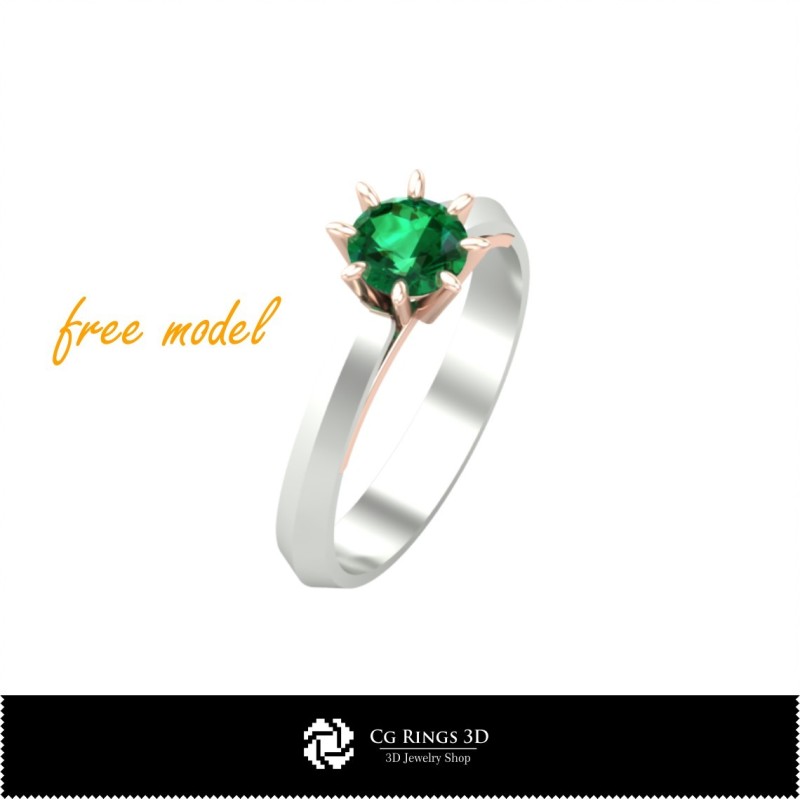 3D Engagement Ring - Free 3D Model Home, Engagement Rings 3D, Jewelry 3D CAD, Free 3D Jewelry, Rings 3D CAD , Solitaire Rings 3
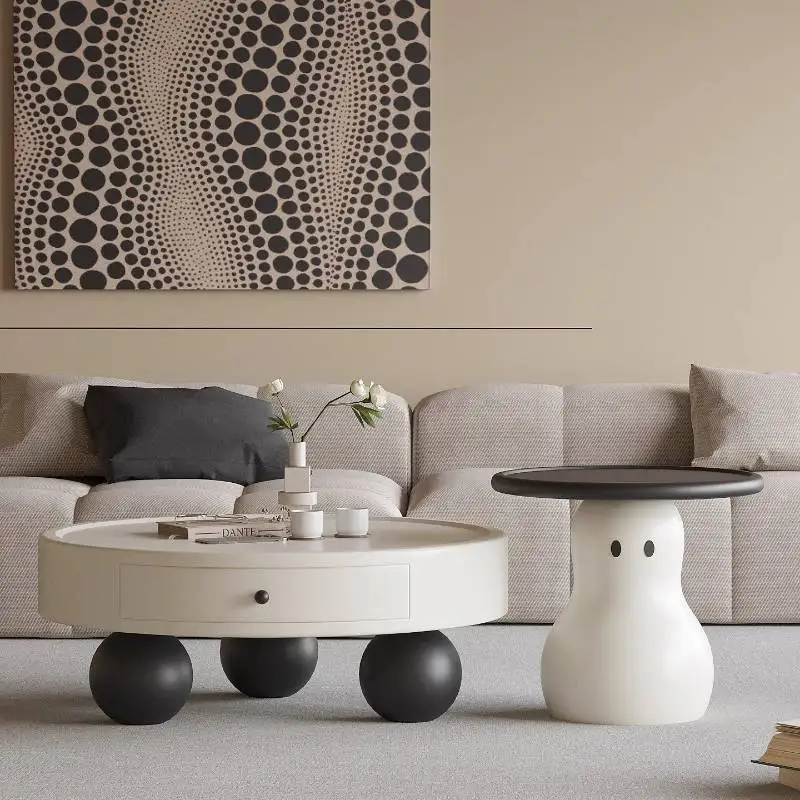 Drawer White Round Coffee Tables Storage Nordic Luxury Modern Coffee Tables Living Room Low Stoliki Kawowe Nowoczesne Furniture
Drawer White Round Coffee Tables Storage Nordic Luxury Modern Coffee Tables Living Room Low Stoliki Kawowe Nowoczesne Furniture
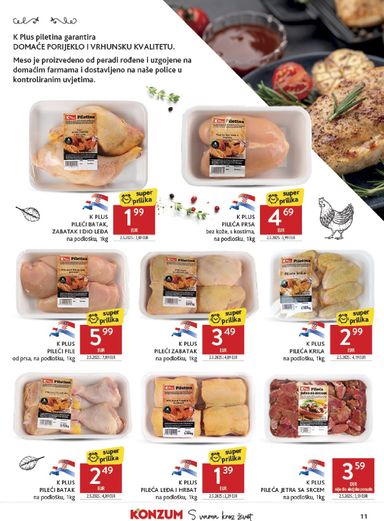Katalog Konzum - Konzum vrijedi od 28.10. do 03.11. - stranica 11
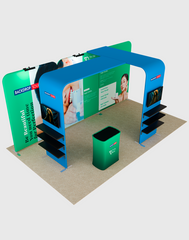 Portable Exhibit Display 10ft x 20ft - Model 11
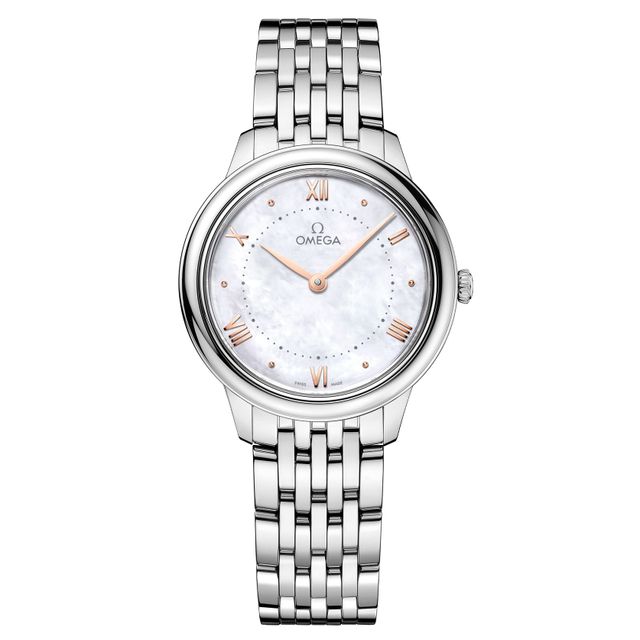 OMEGA De Ville Prestige Quartz Mother-of-Pearl Dial Stainless Steel Watch | 30mm | O43410306005001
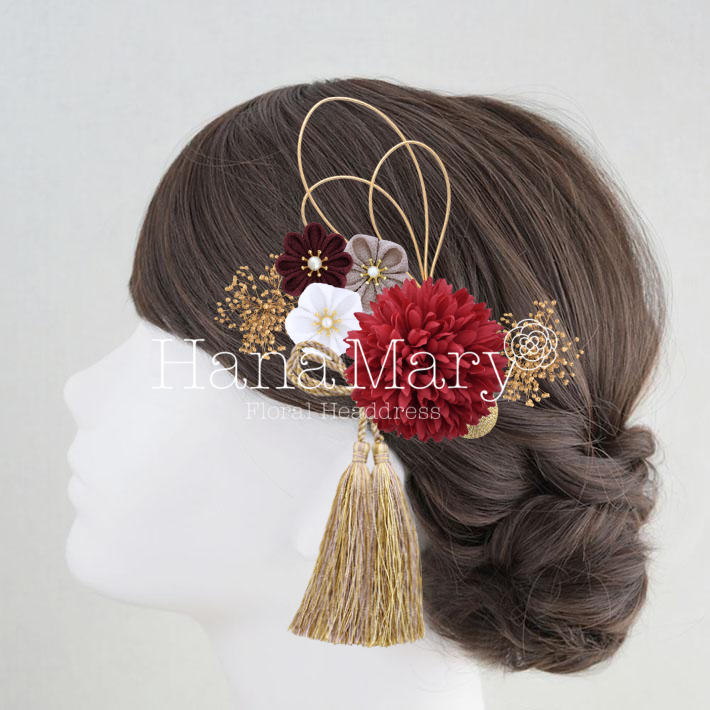 成人式用髪飾り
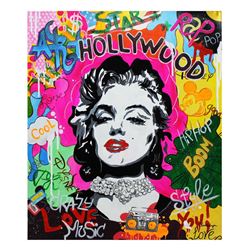 Nastya Rovenskaya- Original Oil on Canvas "Star"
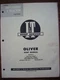 Oliver 99 Super 99 Super 99GM Service Manual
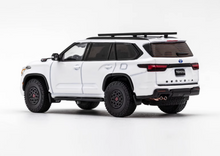 Load image into Gallery viewer, GCD 1:64 White Sequdia XK80 TRD Pro SUV ORV Sports Model Diecast Metal Car New Collection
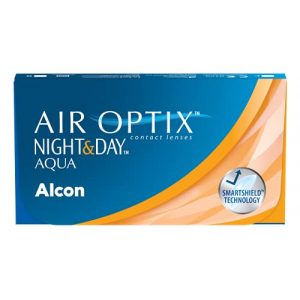 Monatslinsen Air Optix Night & Day Aqua weich, 6 Stück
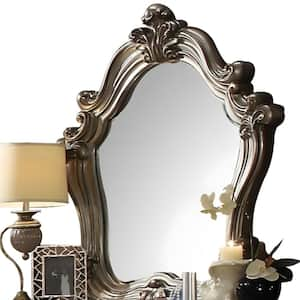 48 in. W x 47 in. H Wood Brown Vanity Mirror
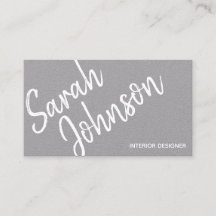 Elegant minimalistisch wit kalligrafie grijs Kraft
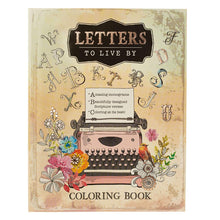 Cargar imagen en el visor de la galería, LETTERS TO LIVE BY COLORING BOOK FOR ADULTS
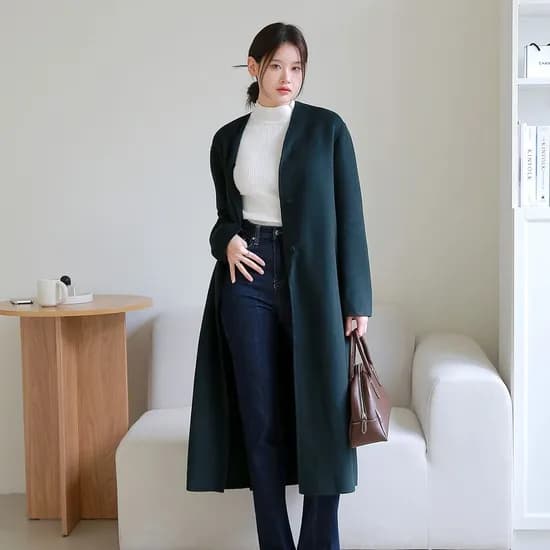 메리노울100% 헤리티지 카라 니트 베스트 15,960원 무배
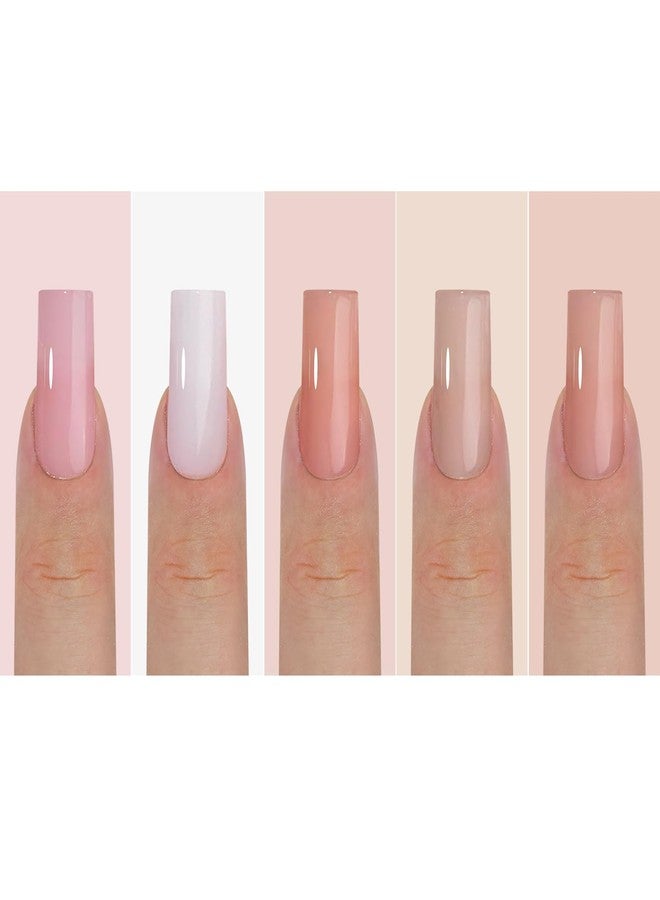 Maigitur 150pcs Maigitur French Gel Nail Tips - Skin Tones Nude Press on Nails Long Square Nail Tips Nude Pre Colored Soft Gel Nail Tip Reusable False Nails in 15Sizes-Soak Off Acrylic Fake Nails Extensions… - Image 1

# # #

> _WORK ORDER_:
Each line from the one with "Nastya Rovenskaya- Original" to the last line of the listing should be returned exactly, both ends included, and no picture with them.

> _EXERCISE RESPONSE_:
 Nastya Rovenskaya- Original Oil on Canvas "Star"
 Oliver 99 Super 99 Super 99GM Service Manual
 Load image into Gallery viewer, GCD 1:64 White Sequdia XK80 TRD Pro SUV ORV Sports Model Diecast Metal Car New Collection
 Monatslinsen Air Optix Night & Day Aqua weich, 6 Stück
 48 in. W x 47 in. H Wood Brown Vanity Mirror
 Elegant minimalistisch wit kalligrafie grijs Kraft
 Cargar imagen en el visor de la galería, LETTERS TO LIVE BY COLORING BOOK FOR ADULTS
 메리노울100% 헤리티지 카라 니트 베스트 15,960원 무배
 Maigitur 150pcs Maigitur French Gel Nail Tips - Skin Tones Nude Press on Nails Long Square Nail Tips Nude Pre Colored Soft Gel Nail Tip Reusable False Nails in 15Sizes-Soak Off Acrylic Fake Nails Extensions… - Image 1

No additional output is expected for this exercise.